New sour cream cheese fondue


This is the best cheese fondue I've made. It was made from scratch using lessons from making the old cheese fondue. This is not stringy and heavy like a lot of the fondues that are just melted cheese with extras. It is light and very tasty :-)

You will need:

200g finely ground bacon (or 100g pre diced bacon)
1/2 packet french onion soup (20g of a 40g pack)
2 cups of sour cream (three standard 200ml to 300ml tubs make this easy the precise amount isn't critical)
200g grated or sliced swiss cheese
200g grated or sliced tasty cheddar cheese
Sweet white wine to flavour (fruitwood is awesome for this) cornflour to thicken

You will also need a large microwave bowl that can take the heat of boiling cheese. If you don't have a heat resistant bowl available, you can do all the cooking on the stove, but stir well and be careful not to burn the bottom.
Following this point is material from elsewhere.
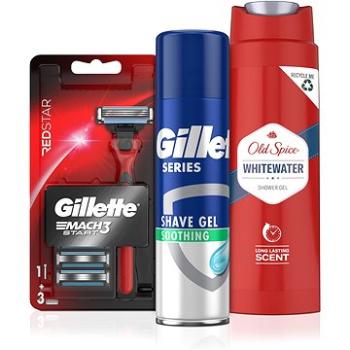 GILLETTE Darčeková Súprava Mach3 Start 450 ml (8006540779170)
Pour the sour cream, soup mix and ground bacon into the microwave bowl. Heat in the microwave until the cream begins to reduce (begins to boil and change colour to a darker shade of off white).

Add the grated cheeses and stir in. Heat in the microwave and stir regularly until the mix boils and reduces a little.

Once the mix is thickened and you are somewhat happy with the flavour, you can remove it from the stove and freeze into ice cube trays to use later if you wish.

If you have frozen fondue from the last step, you will need to heat it back up in the microwave for the next step.

Reheated fondue tends to separate into its oil and water based components and takes a lot of work to recombine. Alcohol happens to be an ideal emulsifier and recombines the oils and water.

Add about 1/3 total volume of white wine and mix well. This will thin your fondue, but the flavour is well worth the trouble.

Once the flavour of your fondue is perfect, add cornflour, or your preferred thickening agent.

If you have never used cornflour before, the trick is to mix a table spoon or so with water or the wine, and whisk with a fork until there are no lumps.

Pour the mix slowly into the fondue while stirring well. Pour only enough that the fondue clings pleasingly to a dunked lump of bread or carrot stick.

If the mix becomes too thick, try adding a little more wine to thin it again.

As you add the cornflour, the hot fondue will immediately begin to thicken, but the heat of the fondue will thicken it more. A minute or so in the microwave may help if the fondue has cooled.

Many ordinary foods become amazing foods when dipped in this fondue. for example:

Fresh soft crusty bread, for example french bread (baguettes)
Carrot sticks
Granny smith apples
Cauliflower
Broccoli

These might be good according to your taste:
Fresh asparagus
Celery sticks
All of these should be raw, except the bread which should be fresh.

This recipe makes enough fondue for a small dinner party (4 to 6 people) so double the recipe for more, and freeze some for later if you have less than 4 people

The original recipe this mutated from was "Wonderful ways to prepare FONDUES by Jo Ann Shirley (1979).


note:

The cheese, sour cream and ground bacon can be frozen before starting this recipe, and the soup mix should be stable on the shelf for years. This means you can have the components sitting in your freezer/pantry ready for an emergency dinner party. Remember to always keep some white wine in the fridge just in case :-).